*** Opening of Dataset excerpt ***

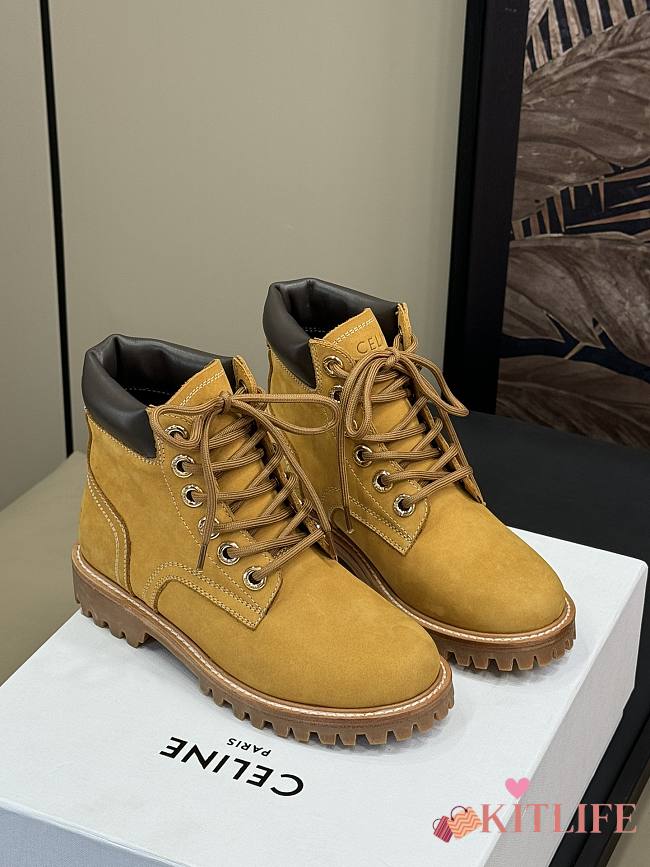 Kitlife Celine Beige Velvet Leather Ankle Boots  - 1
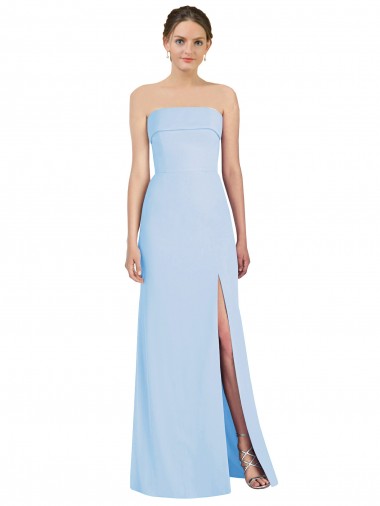 Strapless Trumpet Chiffon Formal Dress with Thigh high Slit UK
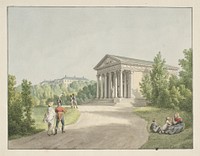 Prospect from Frederiksberg garden by the castle and the Temple of Apis by C.W. Eckersberg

*** Close of Dataset excerpt ***

◆ Task description
Repeat each line above exactly. The pictures stay out.

◆ Response box
 Kitlife Celine Beige Velvet Leather Ankle Boots  - 1
 Strapless Trumpet Chiffon Formal Dress with Thigh high Slit UK
 Prospect from Frederiksberg garden by the castle and the Temple of Apis by C.W. Eckersberg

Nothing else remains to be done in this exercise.